## The problem
Restate, word for word, every line of the data.

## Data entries
::::::::

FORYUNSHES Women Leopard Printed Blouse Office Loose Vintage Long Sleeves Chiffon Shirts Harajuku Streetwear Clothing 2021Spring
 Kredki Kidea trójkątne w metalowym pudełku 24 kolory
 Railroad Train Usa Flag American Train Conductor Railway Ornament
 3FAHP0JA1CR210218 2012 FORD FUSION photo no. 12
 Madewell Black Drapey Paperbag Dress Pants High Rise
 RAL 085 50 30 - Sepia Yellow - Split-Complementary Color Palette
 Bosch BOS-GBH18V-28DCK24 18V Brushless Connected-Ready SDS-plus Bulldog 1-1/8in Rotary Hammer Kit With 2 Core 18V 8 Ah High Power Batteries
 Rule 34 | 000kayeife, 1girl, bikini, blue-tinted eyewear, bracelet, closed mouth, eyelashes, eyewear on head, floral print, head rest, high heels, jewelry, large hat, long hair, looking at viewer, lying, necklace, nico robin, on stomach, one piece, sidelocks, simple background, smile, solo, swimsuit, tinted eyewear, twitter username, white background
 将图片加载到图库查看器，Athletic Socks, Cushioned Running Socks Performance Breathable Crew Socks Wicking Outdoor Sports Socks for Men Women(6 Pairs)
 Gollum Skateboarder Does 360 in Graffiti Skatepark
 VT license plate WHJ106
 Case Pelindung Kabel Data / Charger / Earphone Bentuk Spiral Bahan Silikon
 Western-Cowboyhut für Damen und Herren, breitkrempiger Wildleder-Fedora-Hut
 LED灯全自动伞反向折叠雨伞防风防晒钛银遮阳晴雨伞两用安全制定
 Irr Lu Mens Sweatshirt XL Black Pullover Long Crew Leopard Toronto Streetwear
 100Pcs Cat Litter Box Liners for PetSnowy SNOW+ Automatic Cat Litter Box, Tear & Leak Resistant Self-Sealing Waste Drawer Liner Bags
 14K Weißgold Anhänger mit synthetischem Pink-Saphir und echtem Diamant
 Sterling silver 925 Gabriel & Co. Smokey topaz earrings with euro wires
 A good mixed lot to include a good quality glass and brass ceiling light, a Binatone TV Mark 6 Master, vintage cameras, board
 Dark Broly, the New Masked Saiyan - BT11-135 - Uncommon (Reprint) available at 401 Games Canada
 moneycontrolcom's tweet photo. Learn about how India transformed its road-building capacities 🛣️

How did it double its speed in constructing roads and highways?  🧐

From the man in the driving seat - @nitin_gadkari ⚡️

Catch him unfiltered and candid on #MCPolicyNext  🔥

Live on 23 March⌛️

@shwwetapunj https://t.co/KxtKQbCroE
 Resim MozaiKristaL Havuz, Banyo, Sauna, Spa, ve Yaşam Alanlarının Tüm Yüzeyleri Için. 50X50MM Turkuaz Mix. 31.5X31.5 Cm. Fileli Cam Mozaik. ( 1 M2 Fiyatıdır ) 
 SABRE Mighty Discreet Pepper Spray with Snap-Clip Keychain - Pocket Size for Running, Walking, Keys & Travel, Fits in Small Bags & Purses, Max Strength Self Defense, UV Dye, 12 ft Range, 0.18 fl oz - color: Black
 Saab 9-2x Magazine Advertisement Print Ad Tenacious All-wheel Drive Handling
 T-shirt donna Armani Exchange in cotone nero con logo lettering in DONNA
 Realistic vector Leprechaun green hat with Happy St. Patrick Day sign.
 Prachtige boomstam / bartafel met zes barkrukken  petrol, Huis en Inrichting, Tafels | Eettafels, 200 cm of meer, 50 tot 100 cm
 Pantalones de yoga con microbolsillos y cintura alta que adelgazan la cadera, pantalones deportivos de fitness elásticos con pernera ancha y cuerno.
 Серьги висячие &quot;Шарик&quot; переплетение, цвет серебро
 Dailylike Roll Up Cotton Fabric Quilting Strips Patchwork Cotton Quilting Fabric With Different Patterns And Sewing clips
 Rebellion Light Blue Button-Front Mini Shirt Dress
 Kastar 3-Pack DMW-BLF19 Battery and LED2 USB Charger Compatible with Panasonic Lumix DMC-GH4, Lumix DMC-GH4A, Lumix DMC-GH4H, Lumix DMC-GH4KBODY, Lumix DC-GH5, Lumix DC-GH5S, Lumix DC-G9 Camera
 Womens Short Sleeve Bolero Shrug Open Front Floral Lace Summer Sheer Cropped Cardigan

::::::::

## Solved problem
FORYUNSHES Women Leopard Printed Blouse Office Loose Vintage Long Sleeves Chiffon Shirts Harajuku Streetwear Clothing 2021Spring
 Kredki Kidea trójkątne w metalowym pudełku 24 kolory
 Railroad Train Usa Flag American Train Conductor Railway Ornament
 3FAHP0JA1CR210218 2012 FORD FUSION photo no. 12
 Madewell Black Drapey Paperbag Dress Pants High Rise
 RAL 085 50 30 - Sepia Yellow - Split-Complementary Color Palette
 Bosch BOS-GBH18V-28DCK24 18V Brushless Connected-Ready SDS-plus Bulldog 1-1/8in Rotary Hammer Kit With 2 Core 18V 8 Ah High Power Batteries
 Rule 34 | 000kayeife, 1girl, bikini, blue-tinted eyewear, bracelet, closed mouth, eyelashes, eyewear on head, floral print, head rest, high heels, jewelry, large hat, long hair, looking at viewer, lying, necklace, nico robin, on stomach, one piece, sidelocks, simple background, smile, solo, swimsuit, tinted eyewear, twitter username, white background
 将图片加载到图库查看器，Athletic Socks, Cushioned Running Socks Performance Breathable Crew Socks Wicking Outdoor Sports Socks for Men Women(6 Pairs)
 Gollum Skateboarder Does 360 in Graffiti Skatepark
 VT license plate WHJ106
 Case Pelindung Kabel Data / Charger / Earphone Bentuk Spiral Bahan Silikon
 Western-Cowboyhut für Damen und Herren, breitkrempiger Wildleder-Fedora-Hut
 LED灯全自动伞反向折叠雨伞防风防晒钛银遮阳晴雨伞两用安全制定
 Irr Lu Mens Sweatshirt XL Black Pullover Long Crew Leopard Toronto Streetwear
 100Pcs Cat Litter Box Liners for PetSnowy SNOW+ Automatic Cat Litter Box, Tear & Leak Resistant Self-Sealing Waste Drawer Liner Bags
 14K Weißgold Anhänger mit synthetischem Pink-Saphir und echtem Diamant
 Sterling silver 925 Gabriel & Co. Smokey topaz earrings with euro wires
 A good mixed lot to include a good quality glass and brass ceiling light, a Binatone TV Mark 6 Master, vintage cameras, board
 Dark Broly, the New Masked Saiyan - BT11-135 - Uncommon (Reprint) available at 401 Games Canada
 moneycontrolcom's tweet photo. Learn about how India transformed its road-building capacities 🛣️

How did it double its speed in constructing roads and highways?  🧐

From the man in the driving seat - @nitin_gadkari ⚡️

Catch him unfiltered and candid on #MCPolicyNext  🔥

Live on 23 March⌛️

@shwwetapunj https://t.co/KxtKQbCroE
 Resim MozaiKristaL Havuz, Banyo, Sauna, Spa, ve Yaşam Alanlarının Tüm Yüzeyleri Için. 50X50MM Turkuaz Mix. 31.5X31.5 Cm. Fileli Cam Mozaik. ( 1 M2 Fiyatıdır ) 
 SABRE Mighty Discreet Pepper Spray with Snap-Clip Keychain - Pocket Size for Running, Walking, Keys & Travel, Fits in Small Bags & Purses, Max Strength Self Defense, UV Dye, 12 ft Range, 0.18 fl oz - color: Black
 Saab 9-2x Magazine Advertisement Print Ad Tenacious All-wheel Drive Handling
 T-shirt donna Armani Exchange in cotone nero con logo lettering in DONNA
 Realistic vector Leprechaun green hat with Happy St. Patrick Day sign.
 Prachtige boomstam / bartafel met zes barkrukken  petrol, Huis en Inrichting, Tafels | Eettafels, 200 cm of meer, 50 tot 100 cm
 Pantalones de yoga con microbolsillos y cintura alta que adelgazan la cadera, pantalones deportivos de fitness elásticos con pernera ancha y cuerno.
 Серьги висячие &quot;Шарик&quot; переплетение, цвет серебро
 Dailylike Roll Up Cotton Fabric Quilting Strips Patchwork Cotton Quilting Fabric With Different Patterns And Sewing clips
 Rebellion Light Blue Button-Front Mini Shirt Dress
 Kastar 3-Pack DMW-BLF19 Battery and LED2 USB Charger Compatible with Panasonic Lumix DMC-GH4, Lumix DMC-GH4A, Lumix DMC-GH4H, Lumix DMC-GH4KBODY, Lumix DC-GH5, Lumix DC-GH5S, Lumix DC-G9 Camera
 Womens Short Sleeve Bolero Shrug Open Front Floral Lace Summer Sheer Cropped Cardigan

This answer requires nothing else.